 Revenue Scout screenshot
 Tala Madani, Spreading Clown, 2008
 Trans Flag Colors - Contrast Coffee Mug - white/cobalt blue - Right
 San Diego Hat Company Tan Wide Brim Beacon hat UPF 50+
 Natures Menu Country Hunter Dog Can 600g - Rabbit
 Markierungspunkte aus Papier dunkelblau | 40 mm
______
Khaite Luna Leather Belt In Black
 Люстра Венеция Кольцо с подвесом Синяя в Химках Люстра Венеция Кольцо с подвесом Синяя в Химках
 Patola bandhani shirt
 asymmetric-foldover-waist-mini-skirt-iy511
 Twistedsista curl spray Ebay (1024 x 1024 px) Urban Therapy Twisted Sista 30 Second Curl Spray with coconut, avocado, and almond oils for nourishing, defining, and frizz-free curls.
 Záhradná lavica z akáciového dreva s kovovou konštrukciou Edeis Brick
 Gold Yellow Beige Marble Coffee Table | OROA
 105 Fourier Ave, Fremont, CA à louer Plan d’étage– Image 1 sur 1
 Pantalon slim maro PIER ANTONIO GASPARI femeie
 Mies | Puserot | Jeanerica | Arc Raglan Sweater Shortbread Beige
______
The problem ::
Within the data above, the lines from the one with "Revenue Scout screenshot" to the one with "Markierungspunkte aus Papier" must be repeated exactly; no other line belongs in the answer.

Answer for the task ::
 Revenue Scout screenshot
 Tala Madani, Spreading Clown, 2008
 Trans Flag Colors - Contrast Coffee Mug - white/cobalt blue - Right
 San Diego Hat Company Tan Wide Brim Beacon hat UPF 50+
 Natures Menu Country Hunter Dog Can 600g - Rabbit
 Markierungspunkte aus Papier dunkelblau | 40 mm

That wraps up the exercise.